Drought poses risks to agriculture

According to Prof. Dr. Yusuf Demir from the faculty of agriculture at Çanakkale Onsekiz Mart University, there are different forms of drought: Meteorological, hydrologic and agricultural.

Change in rainfall regimes and decline in rainfall refer to meteorological drought, while reduction in water resources refers to hydrologic drought.

Demir said agricultural drought is one of the most serious problems.

I would like to refer to a study by Barış Karapınar at Sabancı University’s Istanbul Policy Center titled, “A survey of farmers’ adaptation to climate change.”

According to the survey that was conducted with 700 farmers in nine districts and 122 villages in the provinces of Ankara, Kırklareli and Adana, 97 percent of farmers have a first-hand experience of climate change.

For me, the most striking finding in the survey is that farmers said they receive training, information and support regarding climate change mostly from private companies, not from state institutions.

Is it not interesting that there are so many chambers of agriculture but it is the private sector that provides support to farmers?

Some 40.5 percent of farmers surveyed said they had contacted agricultural pesticides and seed companies over the past 12 months regarding climate change, while 35 percent said they had contacted an agricultural engineer.
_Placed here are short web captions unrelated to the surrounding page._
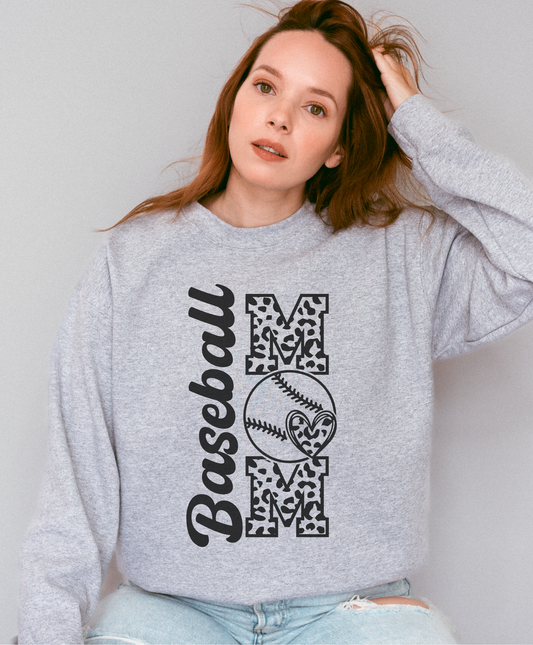 Baseball Mom Sweatshirt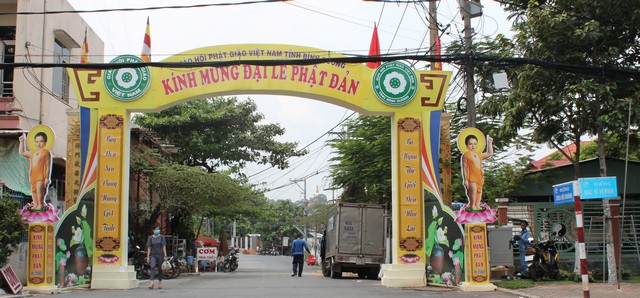 TP.Hồ Chí Minh - Bình Dương: Nét đẹp mùa Phật Đản 2560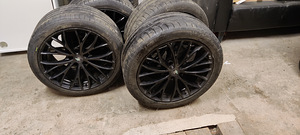 M:5x120 r19 erilaiad veljed. (3 foto / 4)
Some 25 percent said they had contacted the local directorate of agricultural affairs.

Only 8.3 percent of surveyed said they attended workshops to learn about how to mitigate the impact of climate change, while 89 percent suggested they had received financial aid or support following a natural disaster.

This is my conclusion: When it comes to drought and farmers, it is the private sector that grasped the seriousness of the problem, not public institutions like the chambers of agriculture.

Digital inequality

The information industry association (TÜBİSAD) that represents Turkey’s informatics sector, which grew to 94.3 billion Turkish Liras in 2016, recently published a report entitled “Turkey’s transformation into digital economy.”

Kübra Erman, who has been serving as the board chair at TÜBİSAD since 2015, notes that Turkey has made considerable progress in transforming itself into a digital economy, but what else should be done about it?

“Given the progress that has been made, Turkey is still not where it should be,” Erman said.

The most striking finding in the report is: Turkey is among the countries that risk facing “the deepening of inequalities,” which is one of the dangers the digital revolution has created.

In terms of the use of information technologies, there is inequality between small and large companies. Also, there are huge gaps between women and men, old and young people and between educated and uneducated.

In the area of social media, young people in Turkey are far behind their peers in other countries when it comes to using computers and the internet.

The scale of inequality between small and large companies is illustrated in a study entitled “SMEs and E-Commerce” carried out by the e-trade platform www.gittigidiyor.com.

According to the study, 300 out of 500 SMEs do not engage in e-trade.

Seven out of 10 SMEs do not plan to engage in e-trade in the near future, citing “insufficient funds,” “lack of knowledge” and “mistrust” as reasons.